Horst Lahmann von der Niedersächsischen Landeszentrale für politische Bildung erklärte zu dem Vorgang in einer offiziellen Stellungnahme: »Die Äußerungen des pensionierten Mitarbeiters Julius H. Krizsan der Gedenkstätte Bergen-Belsen, in denen eine Gleichsetzung der nationalsozialistischen Vernichtungspolitik in Polen und der aktuellen israelischen Besatzungspolitik in den palästinensischen Gebieten vorgenommen wird, stellen in keiner Weise die Auffassungen der Niedersächsischen Landeszentrale für politische Bildung und der Gedenkstätte Bergen-Belsen dar. (...) Es ist erschütternd, wie ein langjähriger Mitarbeiter der Gedenkstätte Bergen-Belsen in seinen Auffassungen zu diesen Formen der Geschichtsklitterung sowie einer Relativierung und Revision der NS-Verbrechen gegen die jüdische und polnische Bevölkerung kommt.«

Um den guten Ruf der Gedenkstätte ist ihr Leiter Rahe nach eigener Ausage nicht besorgt, da er so schnell und umgehend »die Konsequenzen« gezogen habe. Ganz im Gegenteil: »Ich schätze es sehr, wenn solche Vorgänge an die Öffentlichkeit geraten.« Allerdings wurde aus der Umgebung der Gedenkstätte bekannt, dass es sich bei Krizsans Äußerungen keineswegs um einen einmaligen Ausrutscher gehandelt haben soll. Ahistorische Vergleiche seien demnach in der pädagogischen Arbeit der Gedenkstätte Bergen-Belsen weit verbreitet. Dieses Denken sei jahrelang für die Niedersächsische Landeszentrale für politische Bildung kein Problem gewesen.

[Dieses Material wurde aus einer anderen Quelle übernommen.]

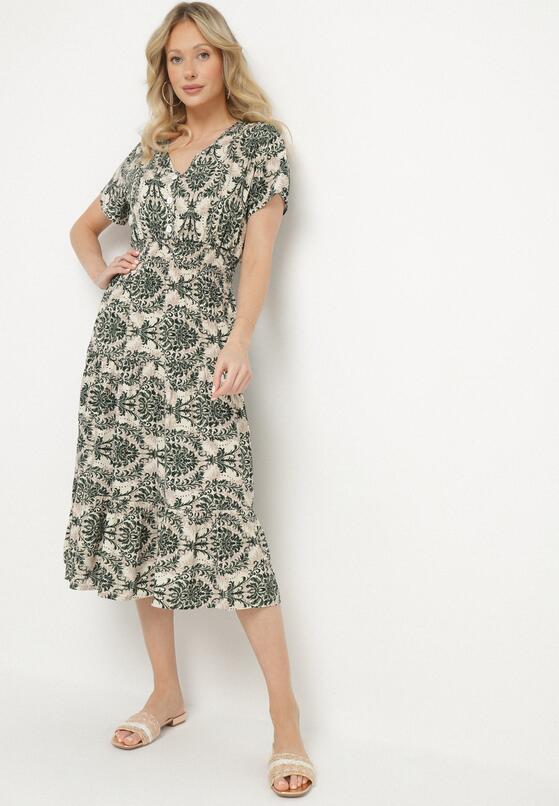 Rochie Verde închis 2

Dass »Geschichtsklitterung« und eine »Relativierung und Revision« von NS-Verbrechen nicht nur eine Spezialität Kriszans sind, zeigte schon das Projekt »Unrechtssysteme«, das die Landeszentrale im Jahr 2000 vorstellte. Dabei handelte es sich um eine Kooperation der Gedenkstätte Deutsche Teilung in Marienborn und der Gedenkstätte Bergen-Belsen. Verglichen wurden die »Unrechtssysteme« des Nationalsozialismus und der DDR. Teilnehmer waren Schulklassen.